[[ Data supplied, beginning ]]

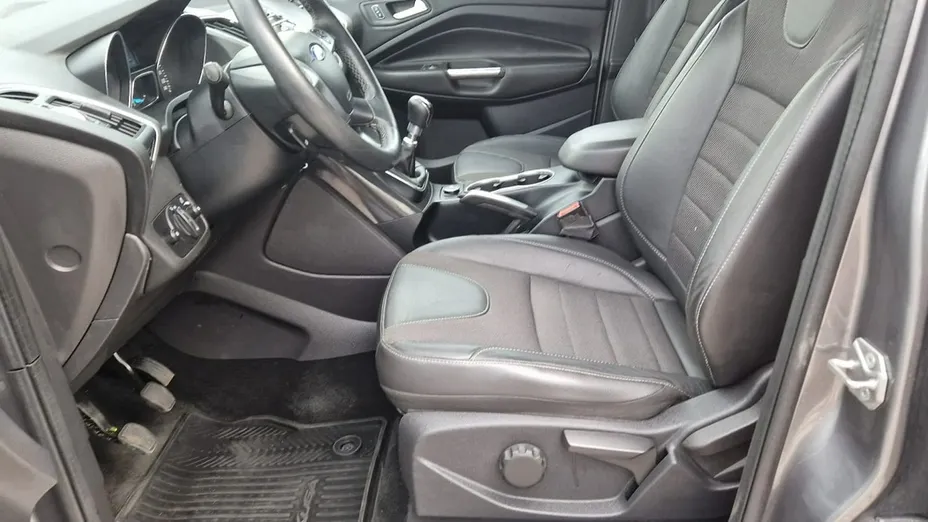 FORD Kuga -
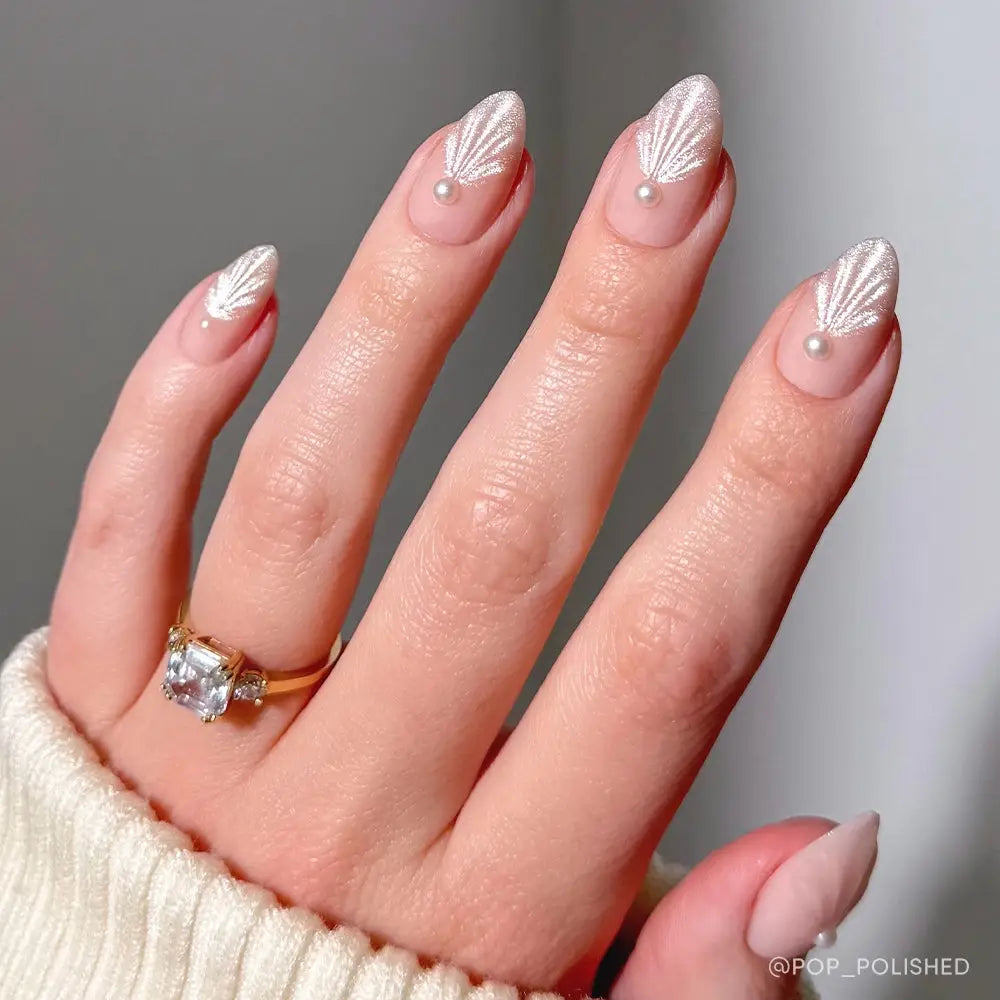 GLAMNETIC NAILS
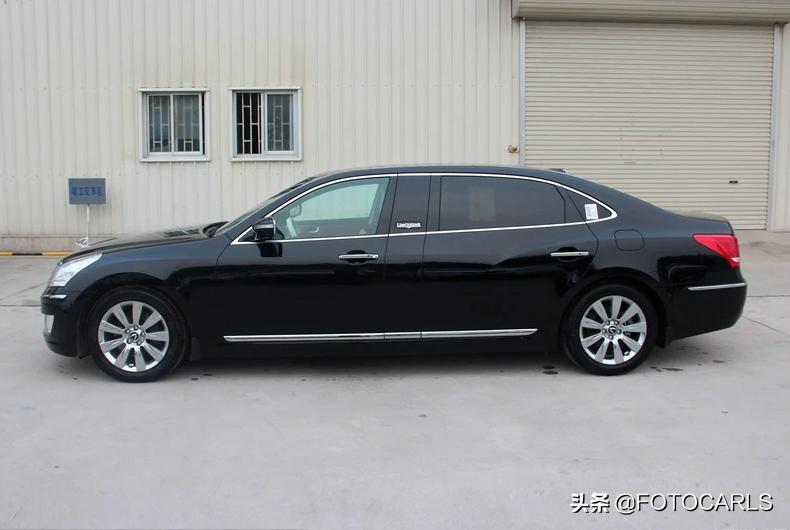 现代进口全新雅科仕新款,5.0lv8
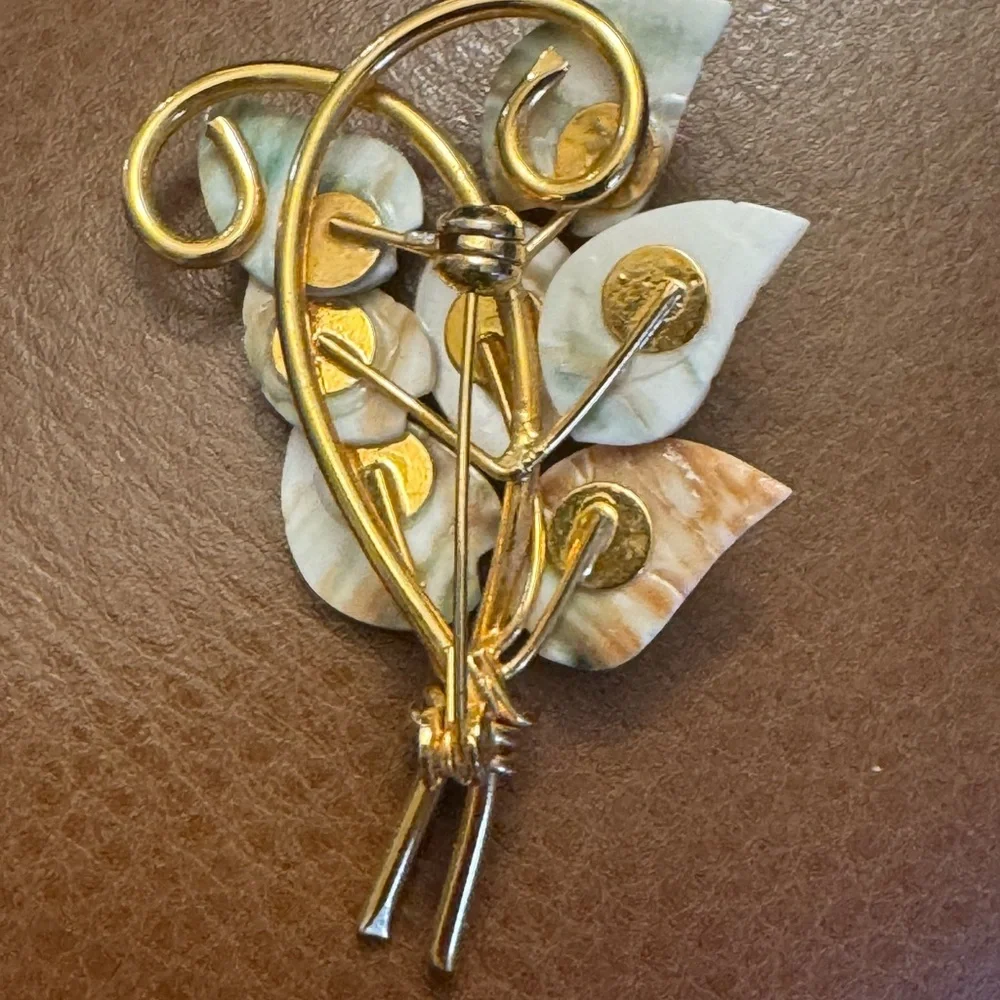 Vintage mid-century mother of pearl leaves &faux pearl brooch w/gold tone detail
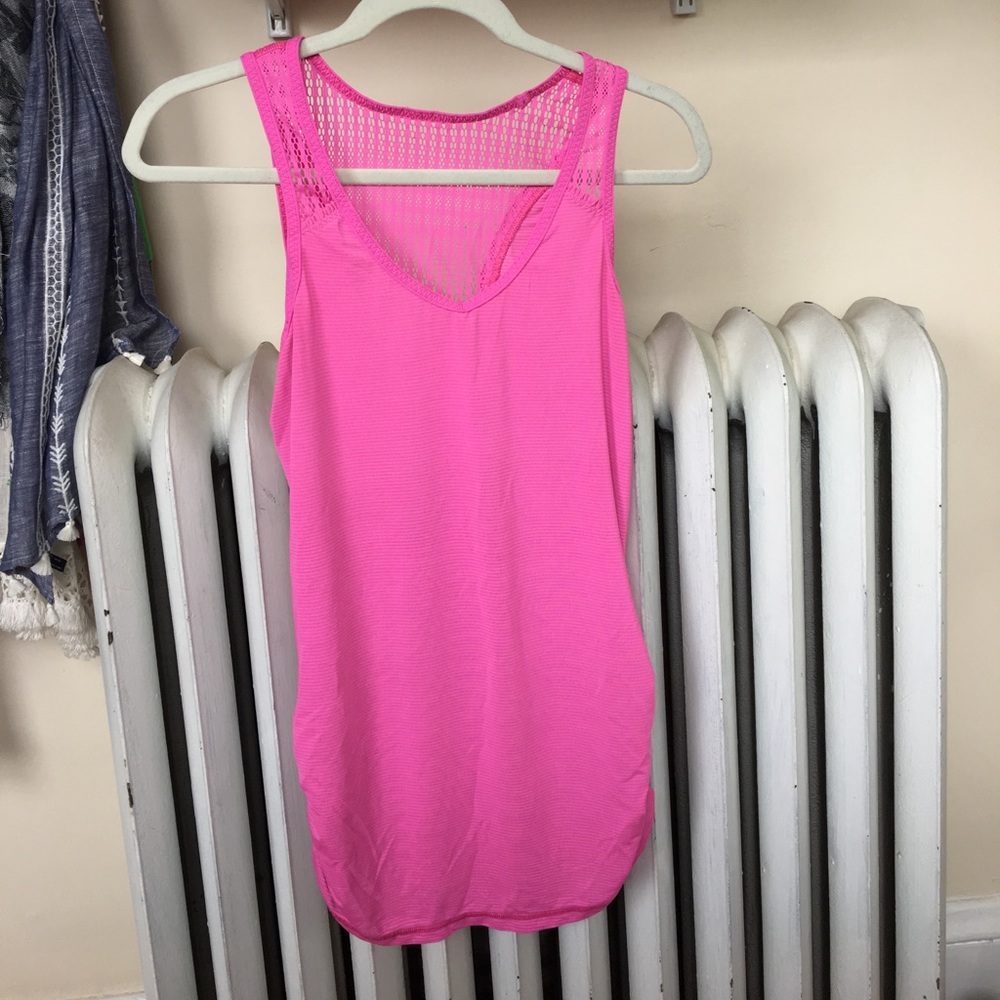 Lululemon pink tank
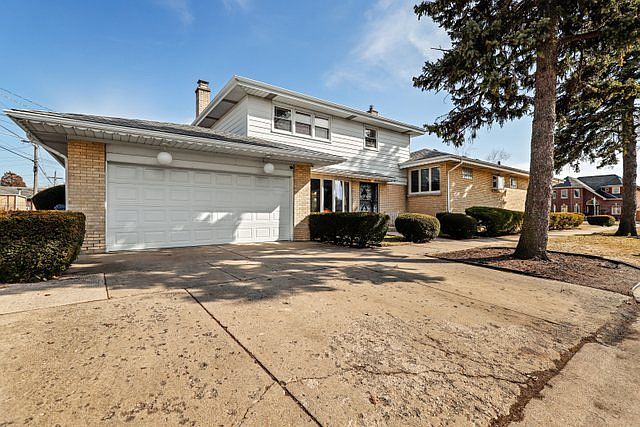 1st image of 7458 W Winnemac Ave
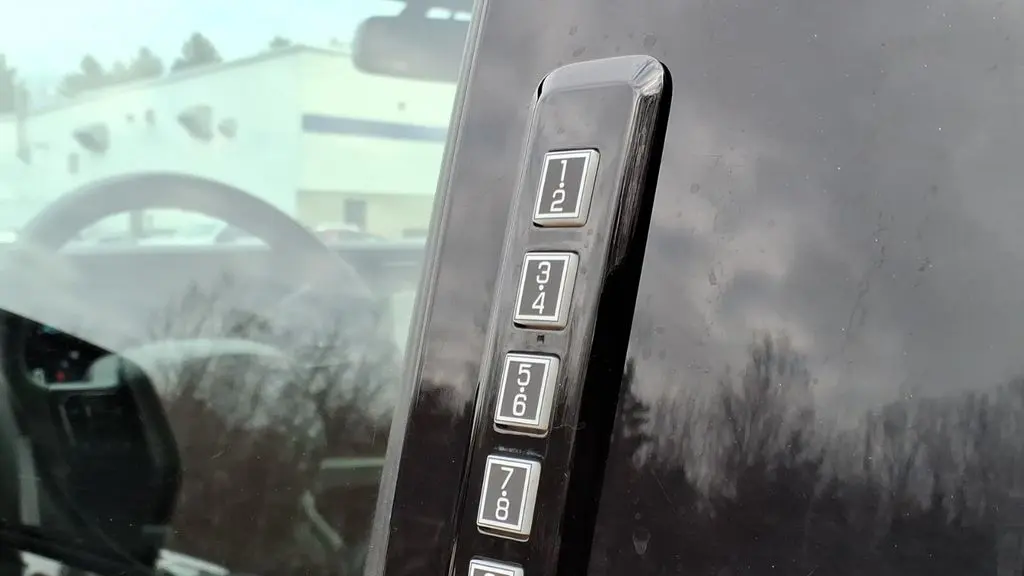 2024 Ford F-350 Super Duty Lariat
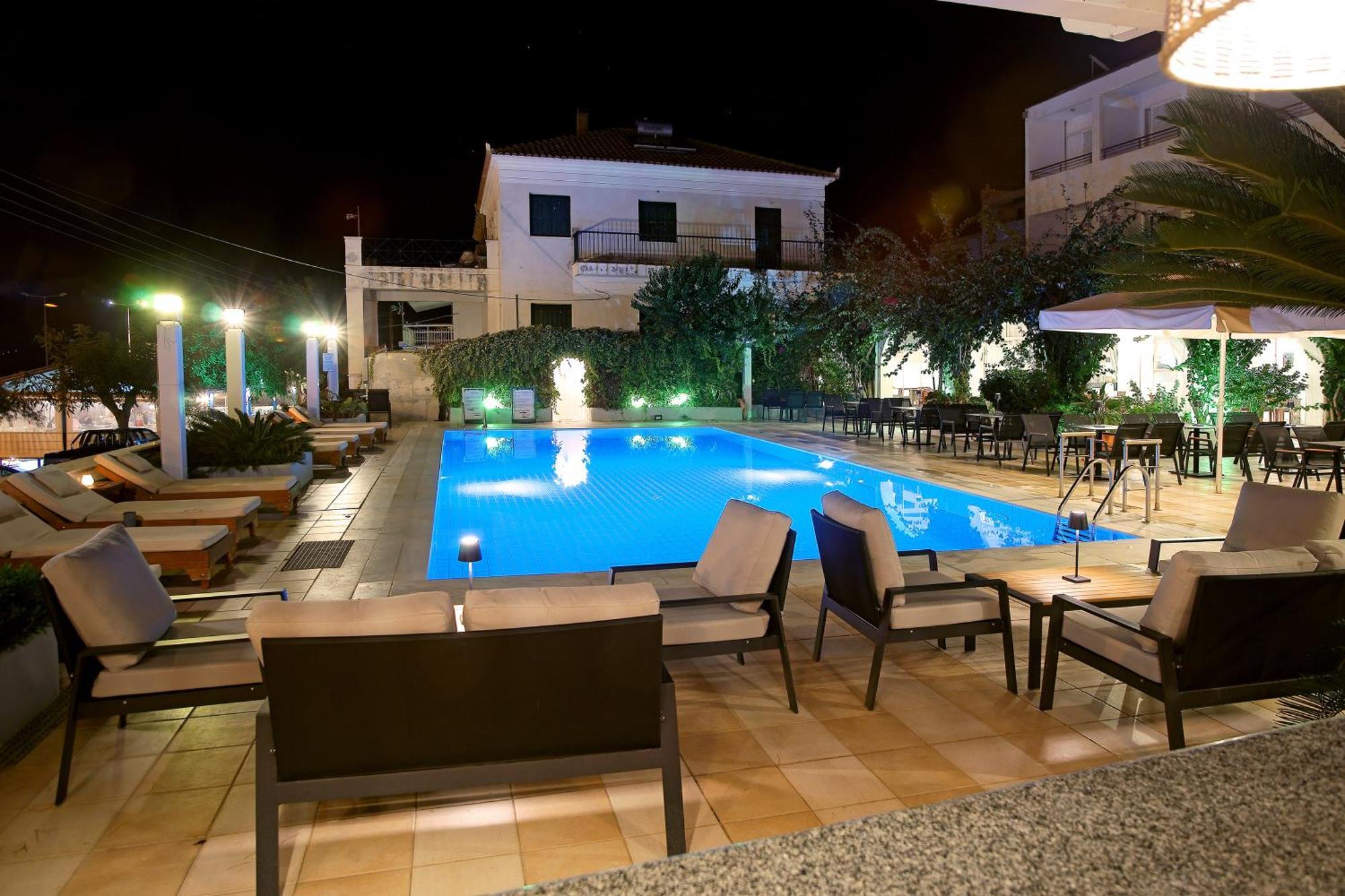 Kyparissia Beach Hotel Esterno foto
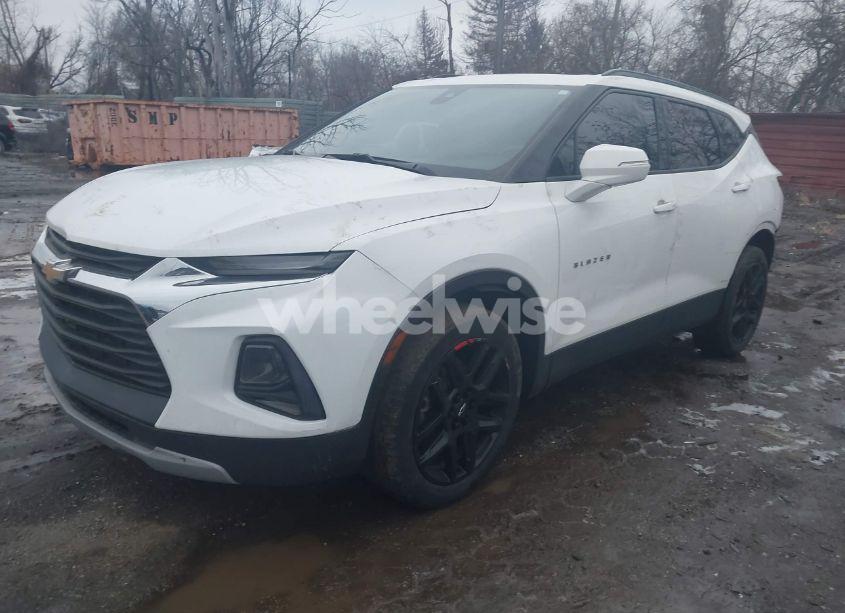 Photo 2 of 2021 Chevrolet Blazer FWD 3LT (VIN 3GNKBDRS7MS533547)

[[ Data supplied, end ]]

When the line containing "2024 Ford F-350 Super Duty Lariat" has been located, retype it and each line after it through the end of the records, excluding the pictures and adding nothing else.

▸ Answer space
 2024 Ford F-350 Super Duty Lariat
 Kyparissia Beach Hotel Esterno foto
 Photo 2 of 2021 Chevrolet Blazer FWD 3LT (VIN 3GNKBDRS7MS533547)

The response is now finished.